The SCA considered the Constitutional Court’s findings in Sidumo v Rustenburg Platinum Minesand concluded:
“…the standard of review articulated by the Constitutional Court is whether the award is one that a reasonable decision maker could arrive at considering the material placed before him…
…It is therefore the reasonableness of the award that becomes the focal point of the enquiry and in determining this one focuses not only on the conclusion arrived at but also on the material that was before the Commissioner when making the award.”
In determining whether the Commissioner’s award was reasonable, the SCA noted that the thrust of Edcon’s case was its contention that the trust relationship between the company and Reddy had broken down beyond repair, following Reddy’s dishonesty.
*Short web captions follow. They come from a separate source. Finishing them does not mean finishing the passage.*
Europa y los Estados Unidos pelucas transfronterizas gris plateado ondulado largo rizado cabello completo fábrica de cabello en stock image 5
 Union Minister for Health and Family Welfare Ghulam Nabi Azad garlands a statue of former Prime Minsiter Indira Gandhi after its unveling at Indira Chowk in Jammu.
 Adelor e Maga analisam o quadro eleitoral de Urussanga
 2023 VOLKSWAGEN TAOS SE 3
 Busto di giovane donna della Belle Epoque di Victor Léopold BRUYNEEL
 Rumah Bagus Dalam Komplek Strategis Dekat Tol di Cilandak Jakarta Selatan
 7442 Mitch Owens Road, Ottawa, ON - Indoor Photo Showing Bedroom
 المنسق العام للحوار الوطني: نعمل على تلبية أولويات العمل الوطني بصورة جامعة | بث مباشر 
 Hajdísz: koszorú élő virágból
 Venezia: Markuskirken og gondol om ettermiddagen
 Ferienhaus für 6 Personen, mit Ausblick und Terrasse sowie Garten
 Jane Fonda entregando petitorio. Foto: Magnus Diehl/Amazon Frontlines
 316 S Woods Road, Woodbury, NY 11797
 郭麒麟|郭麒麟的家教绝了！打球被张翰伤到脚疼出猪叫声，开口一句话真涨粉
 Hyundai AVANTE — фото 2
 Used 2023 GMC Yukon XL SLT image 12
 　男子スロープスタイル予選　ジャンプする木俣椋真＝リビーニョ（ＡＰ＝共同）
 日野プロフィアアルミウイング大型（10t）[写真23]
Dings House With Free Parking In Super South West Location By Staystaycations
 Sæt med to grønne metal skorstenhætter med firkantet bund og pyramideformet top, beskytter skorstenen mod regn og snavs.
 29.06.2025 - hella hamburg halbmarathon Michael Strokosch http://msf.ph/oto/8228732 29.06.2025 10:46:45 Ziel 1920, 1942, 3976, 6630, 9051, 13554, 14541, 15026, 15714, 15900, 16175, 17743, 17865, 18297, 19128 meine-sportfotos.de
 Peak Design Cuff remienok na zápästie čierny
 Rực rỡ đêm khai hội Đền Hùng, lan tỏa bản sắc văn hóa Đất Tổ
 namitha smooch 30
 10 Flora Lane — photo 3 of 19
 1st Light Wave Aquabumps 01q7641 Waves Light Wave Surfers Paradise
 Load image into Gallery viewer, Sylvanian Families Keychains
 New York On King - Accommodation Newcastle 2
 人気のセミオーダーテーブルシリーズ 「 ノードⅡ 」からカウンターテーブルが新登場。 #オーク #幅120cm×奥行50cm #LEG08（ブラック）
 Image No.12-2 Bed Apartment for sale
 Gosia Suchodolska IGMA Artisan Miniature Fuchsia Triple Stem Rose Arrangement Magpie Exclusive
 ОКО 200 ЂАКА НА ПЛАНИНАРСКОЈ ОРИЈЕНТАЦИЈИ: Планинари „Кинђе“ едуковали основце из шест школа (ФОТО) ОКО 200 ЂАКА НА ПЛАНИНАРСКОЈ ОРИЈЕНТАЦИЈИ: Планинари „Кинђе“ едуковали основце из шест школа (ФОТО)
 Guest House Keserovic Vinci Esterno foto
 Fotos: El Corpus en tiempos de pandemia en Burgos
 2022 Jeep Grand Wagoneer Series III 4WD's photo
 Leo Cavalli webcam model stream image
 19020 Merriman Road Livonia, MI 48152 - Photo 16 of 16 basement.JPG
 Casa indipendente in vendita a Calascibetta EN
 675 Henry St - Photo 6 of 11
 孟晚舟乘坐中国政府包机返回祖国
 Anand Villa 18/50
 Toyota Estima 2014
The primary issue was accordingly whether the trust relationship had, in fact, been so damaged. In conducting its analysis, the Court addressed the Commissioner’s findings and the material which had properly been available to her at the arbitration.
In support of its case, Edcon had called only one witness to testify during the arbitration proceedings – the security manager who had initially investigated Reddy’s misconduct. It was apparent to the Court that not only had the security manager failed to testify about the impact of Reddy’s misconduct on the trust relationship between the parties, but that he could not, in fact, have done so. This relationship existed primarily between Reddy and the managers to whom she had reported.
Regrettably for Edcon, it had failed to call either of her managers as witnesses. In fact, during the course of the disciplinary proceedings, one of Reddy’s managers had admitted that he would still have been able to work with Reddy.
Edcon should have demonstrated the nature and scope of Reddy’s duties, her position in the hierarchy of employees, the importance of trust in their employment relationship or the adverse effects of retaining her on the company’s operations. This, Edcon had failed to do.
The SCA concluded that the Commissioner’s findings had been eminently reasonable and that she could not be faulted for concluding that the trust relationship between the parties had not been irretrievably destroyed. The Court accordingly dismissed the appeal, with costs.
Whilst it might appear that the Supreme Court of Appeal has now disposed of the well established principle that an employee’s dishonesty, no matter how trivial, may justify dismissal, this is not in fact the case. Rather than disposing of the principles governing dishonesty, the Court has simply clarified the manner in which they are to be applied.
Three pertinent features of the Edcon matter illustrate the applicable principles:
- Edcon specifically contended at the disciplinary hearing, and during the subsequent Court proceedings, that dismissal was warranted on the basis that the trust relationship between the company and Reddy had been destroyed. It continued to proffer this as a justification for the sanction imposed on Reddy.
- Edcon failed to show that Reddy’s dishonesty had had a negative impact on the trust relationship. The company’s evidence had, in fact, demonstrated that the trust relationship had not actually broken down; and
- Reddy had been employed by the company for 43 years, during which time she had maintained an unblemished record.
Whitelaw notes that in light of this decision, employers should be careful not to impose the sanction of dismissal lightly. The judgment does not, however, constitute a bar to dismissing employees for dishonesty, even for a first offence.
“Importantly,” she emphasizes that, “the dishonesty must genuinely have led to a breakdown in the trust relationship between the parties and the employer must then adduce evidence of such breakdown.”
“In other words, the impact of the dishonesty on the employer’s business is critical, rather than the act of dishonesty itself. Where an employee has been in loyal service with an employer for an extended period of time, adducing evidence to show that the trust relationship has been damaged is now perhaps even more important than it was before.”